RECORDS
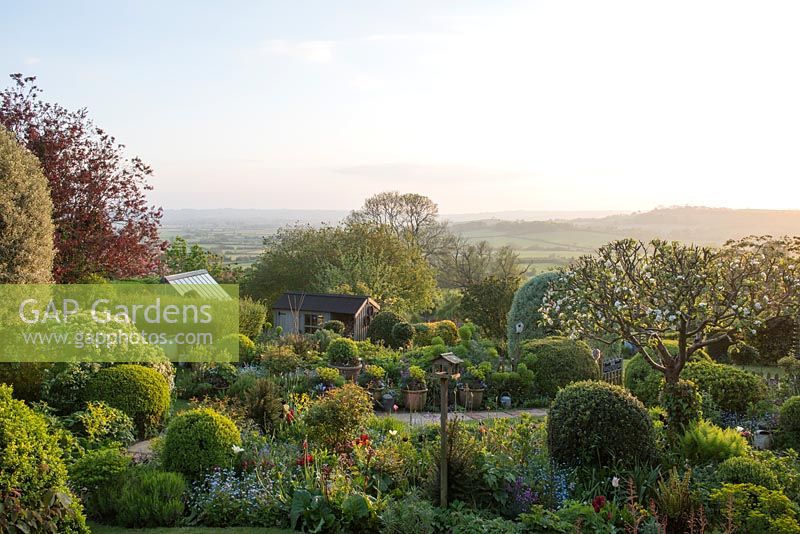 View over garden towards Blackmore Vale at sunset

--

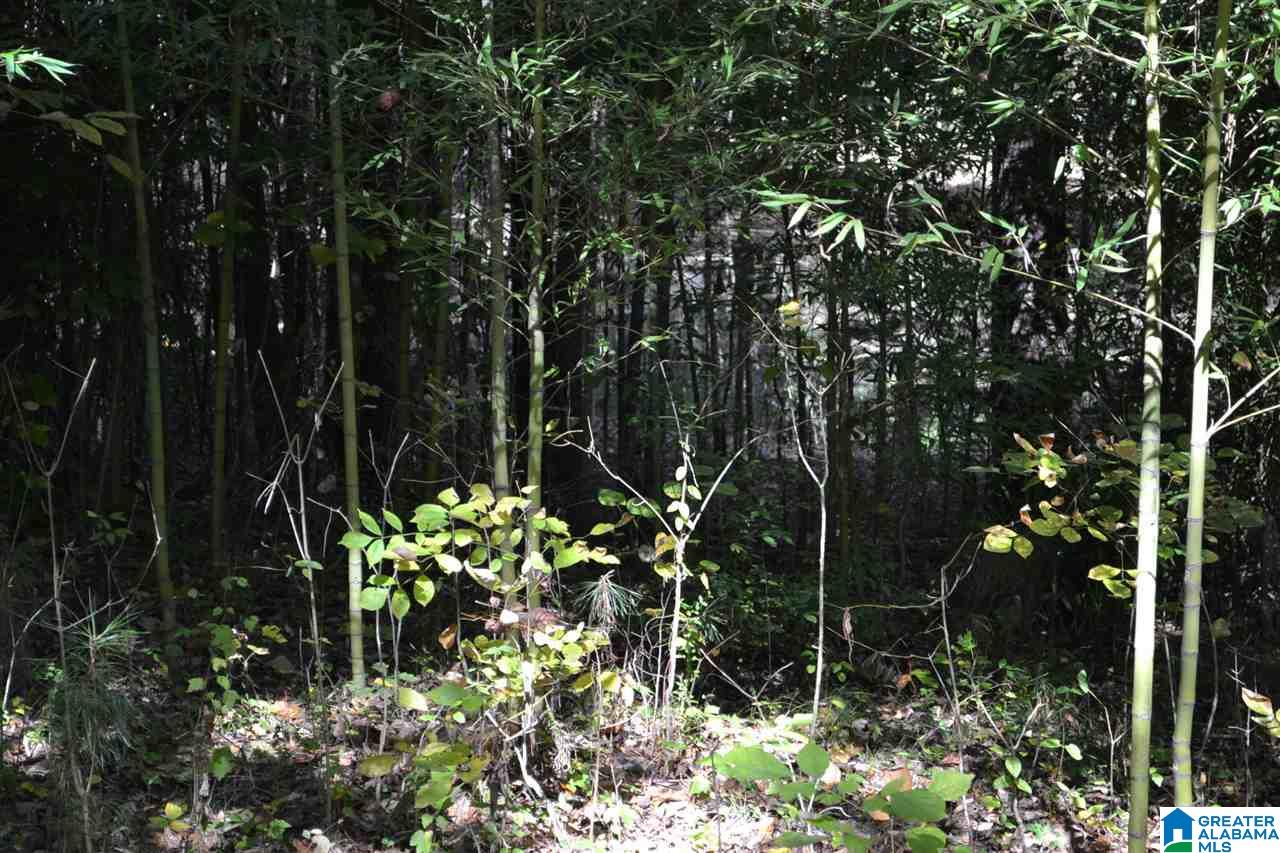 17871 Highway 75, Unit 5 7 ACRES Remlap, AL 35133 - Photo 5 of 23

--

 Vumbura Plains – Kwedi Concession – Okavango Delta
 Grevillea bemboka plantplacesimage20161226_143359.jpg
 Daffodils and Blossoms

ASSIGNMENT
All that is needed is the exact run of lines above from the line containing "Grevillea bemboka plantplacesimage20161226_143359.jpg" through the line containing "Daffodils and Blossoms", both of them included.

EXERCISE OUTPUT
 Grevillea bemboka plantplacesimage20161226_143359.jpg
 Daffodils and Blossoms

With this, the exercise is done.